I have ordered some film caps from china (mentioned in other threads) for Richo and myself.
I was sizing them conservatively, based on the maximum average IGBT current in the controller (300Amps)
The caps are coming from (EACO capacitor through Yesiya in Shenzhen - SHD caps) 390uF at 900 Volts ans 51 Amps RMS. These have really low ESR at 3mR and tremendous pulse capabilility -- shoud be able to take the corner off a screwdriver!

I am intending using 6 for a total of 2340uF and ~300 Amps RMS. The ESR should be in the 500 (micro) R territory, giving an ESR-induced ripple of about 0 Volts. The ripple will be almost entirely derived from the capacitance, estimated at about 20 Volts, worst case.
I would expect that because the ESR is in the order of 10% of an equivalent electrolytic capacitor network, the heating should be corrrespondingly much lower.
Some other advantages are:
The overall capacitance is low so that not so much energy is needed to pre-charge the caps at startup.

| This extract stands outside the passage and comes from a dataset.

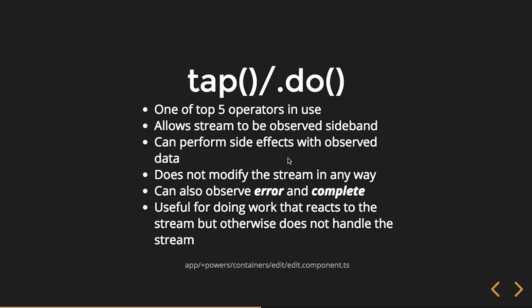So we talked to all operators are pure functions that receive an observable and return an observable. Whatever it receives, it returns. You can't modify the stream. Even if you try, I don't even know if you can. So it basically allows us to do something, right? So some of the examples you might see online is go grab something maybe from an API and then do, and then log it out and then maybe mutate it with map and then log out that mapped value and then return it. And so these are really powerful because we can do things in our observable stream without mutating or modifying the stream. They can also observe error and complete notifications. And they're really useful for doing work that reacts to the stream, but does not handle the stream data.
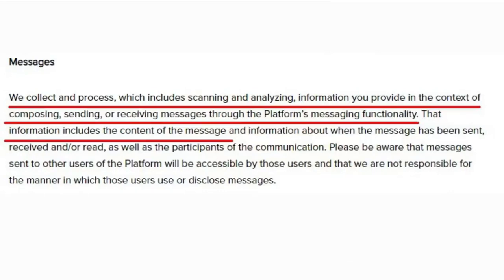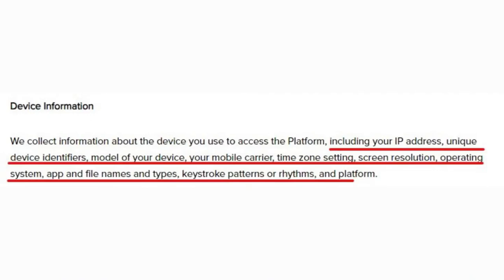Take WhatsApp as an example — it has end-to-end encryption and no one can access your messages except the sender and receiver. But TikTok clearly states they collect and process, including scanning and analyzing, your messages. They can analyze your messages and use them against you or for their own benefit. Regarding device information, it is clearly mentioned that they collect your IP address, unique device identifier, device model, mobile carrier, time zone settings, screen resolution, operating system, app and file names and types, keystroke patterns or rhythm, and platform. They are collecting data in every way possible, and all of this data is going to China where the government has full control. You can think about whether you should keep this app on your phone or remove it.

Dry film capacitors don't have electrolyte problems and are rated for times like 100,000 hours at 70 deg.C
The caps are rated for 900V, so no series-parallel network needed.
EACO is reasonably priced at about $50 each for the above type.
Epcos caps are blue because that's the colour you become when the supplier tells you the price

The capacitors buffer the motor current each time the power transistors switch. This varies with the motor torque primarily.
At low speed and high acceleration this will be very high, but reduce greatly at cruise.
[edit: Add]
At low speed (high motor current and low battery current) the diodes conduct most of the time.